» TRY IT
The lines from the one containing "kitchen with appliances" through the last line below, both ends included, must be reproduced exactly, with no pictures.
GIVEN INFORMATION START
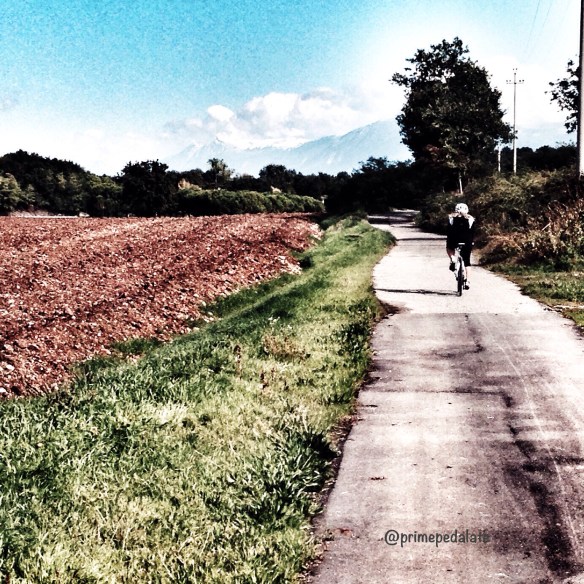 Cycling towards the lake of Garda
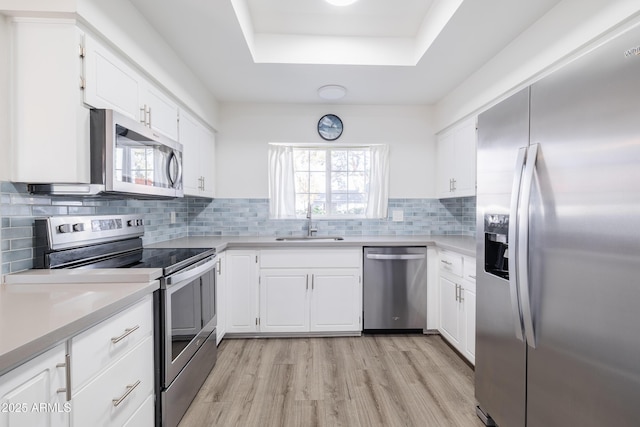 kitchen with appliances with stainless steel finishes, tasteful backsplash, sink, white cabinets, and a tray ceiling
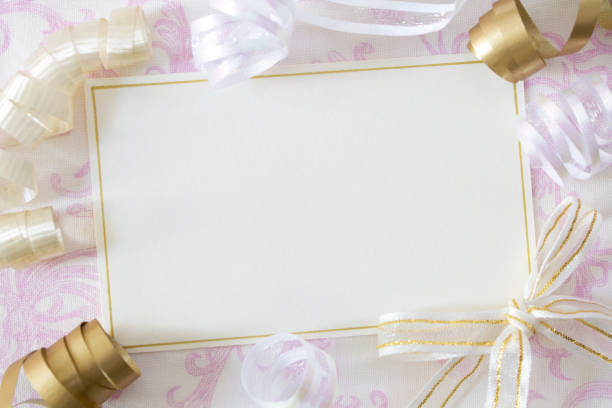 istock Party invitation with gold ribbons 1558947706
GIVEN INFORMATION END
» RESULT OF THIS TASK
 kitchen with appliances with stainless steel finishes, tasteful backsplash, sink, white cabinets, and a tray ceiling
 istock Party invitation with gold ribbons 1558947706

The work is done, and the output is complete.